Dem vagabundierenden Radikalismus folgte (gerade bei Trittin!) spiegelbildlich ein kleinlauter Realismus, der aus der Defensive nicht herauskommt. Die Partei der "Nachhaltigkeit" hat wenig Lust auf das Bohren dicker Bretter. Und vor der Inthronisierung des Vorsitzenden Kuhn fehlte ihr fast vollständig das Vermögen, Partei, "Basis", Fraktion und Regierungsmitglieder halbwegs schlüssig aufeinander zu beziehen.

Der größte Erfolg der Grünen, die Regierungsbeteiligung in Berlin, hat die Partei zugleich in ihre nachhaltigste Krise gestürzt. Die SPD ging mit ihrem Koalitionspartner lange Zeit ohne jeden Respekt um, verstand es, die Grünen geradezu zu erpressen und, schlimmer noch, wie eine Unterabteilung von sich selbst zu behandeln.

Raschke begleitet das grüne Wirtstier schon lange als kritischer, in Maßen sympathetischer Beobachter. Er kann sich auf Informationen und Einschätzungen führender Grüner (die durchweg ungenannt bleiben) stützen und so mit beeindruckender Präzision das vorherrschende handwerkliche Fiasko sowie die wenigen gelungenen Coups grüner Regierungstätigkeit darstellen.

Haben die Grünen dennoch eine Zukunft? Raschke beläßt es dabei, einen Wettlauf zu beschreiben. Regierend haben die Grünen viel getan, um ihre Partei - und damit letztlich das gesellschaftliche Feld, dem sie entstammen - zu entmächtigen und bedeutungslos zu machen.

Die einst am meisten basisorientierte Partei ist zur basislosesten von allen geworden.

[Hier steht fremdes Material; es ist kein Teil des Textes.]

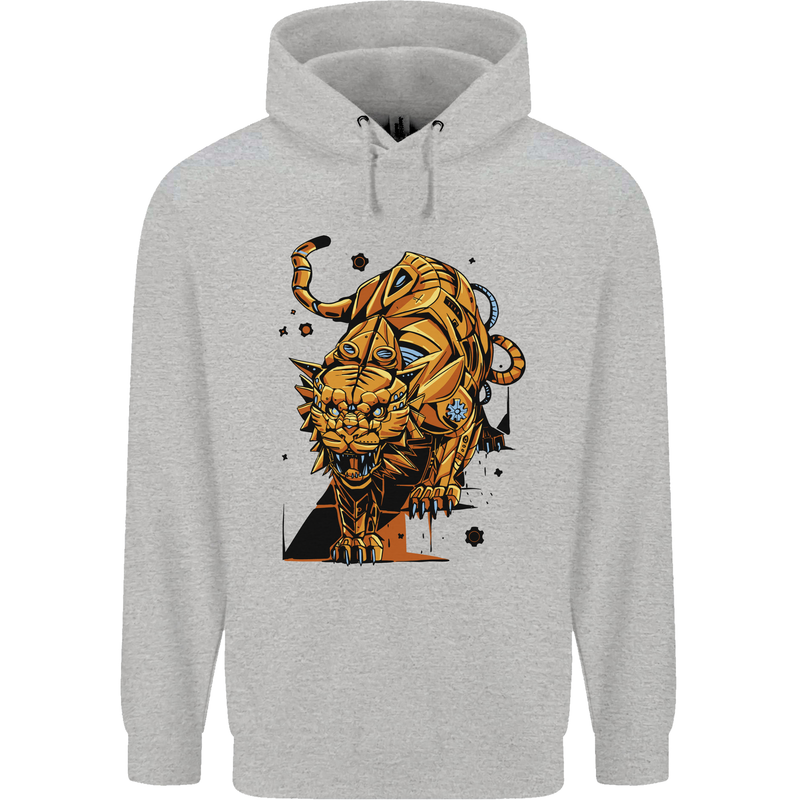 A Steampunk Lion Mens 80% Cotton Hoodie Sports Grey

Der führenden Handwerkertruppe um Fritz Kuhn geht es nun darum, die Partei nachholend zu modernisieren, à jour zu bringen: die Dame ohne Unterleib auf der Suche nach demselben. Gelingt das, wäre es ein veritables Kunststück. Gelingt es nicht, wäre es vermutlich das Ende der Partei, die - vielleicht stärker als die SPD - etwas von Milieu und Heimat behalten muß, um überleben zu können. Raschke glaubt, daß Parteien in der mittelpunktslosen Mediengesellschaft zu "lose verknüpften Fragment- und Stückwerkstrukturen" werden müssen. Gerade weil sie ohnehin schon so postmodern sind, würde das den Grünen vermutlich aber nicht bekommen.

Im Grunde beschreibt Raschke die Grünen in Funktion zur SPD. Überlebenschancen, wenngleich keine prächtigen, gibt er ihnen nur in der rot-grünen Packung. Raschke sieht natürlich, daß diese Paarung längst ohne Glanz ist - er geht aber offensichtlich davon aus, daß alles andere die zermürbte Partei überfordern würde, in der viele gewundene Patchwork-Biographien zu verteidigen sind. Damit spricht der Autor den Grünen, die immerhin die einzige dauerhafte parteipolitische Innovation seit Jahrzehnten darstellen, einen eigenen Existenzgrund ab.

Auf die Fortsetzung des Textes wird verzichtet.